> Required work
Please, could you print all the lines below exactly, leaving out the pictures?

> Given data
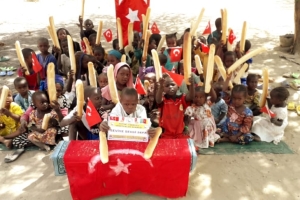 Afrika Kamerun ekmek dağıtımı Aralık 2022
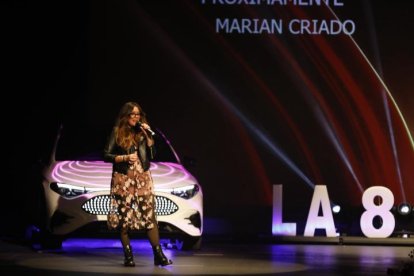Un momento de la gala de La 8 Valladolid en el Teatro Calderón.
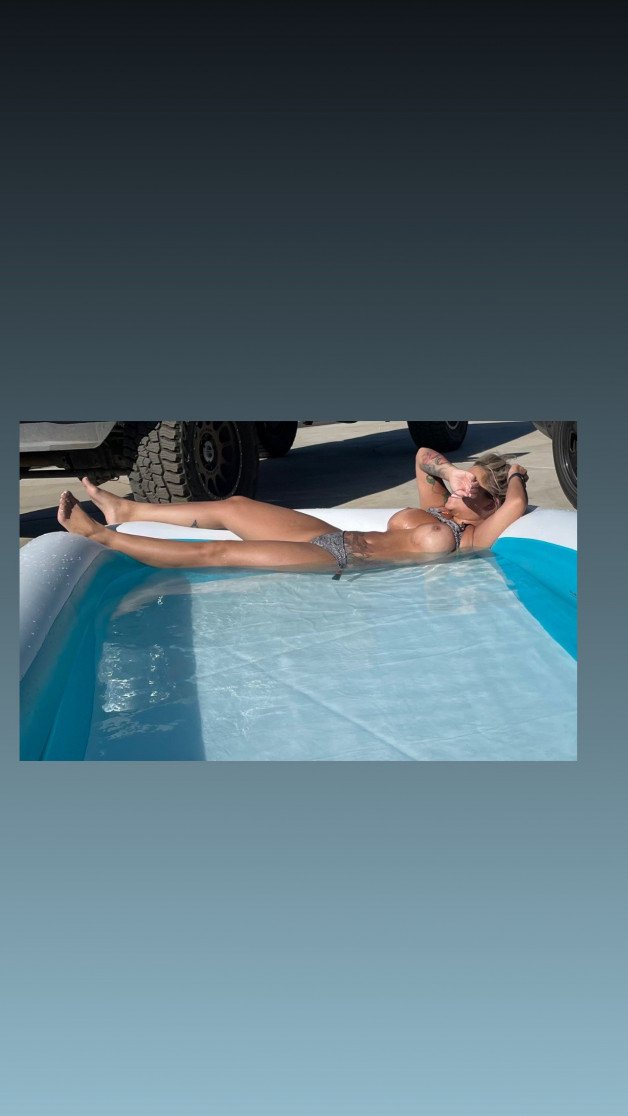 Photo by https://onlyfans.com with the username @Onehotlatina4fun, who is a verified user,  May 11, 2022 at 5:59 AM. The post is about the topic Wifewatching and the text says 'Hot day in the kiddie pool!💦💦🔥'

> Reply
 Afrika Kamerun ekmek dağıtımı Aralık 2022
Un momento de la gala de La 8 Valladolid en el Teatro Calderón.
 Photo by https://onlyfans.com with the username @Onehotlatina4fun, who is a verified user,  May 11, 2022 at 5:59 AM. The post is about the topic Wifewatching and the text says 'Hot day in the kiddie pool!💦💦🔥'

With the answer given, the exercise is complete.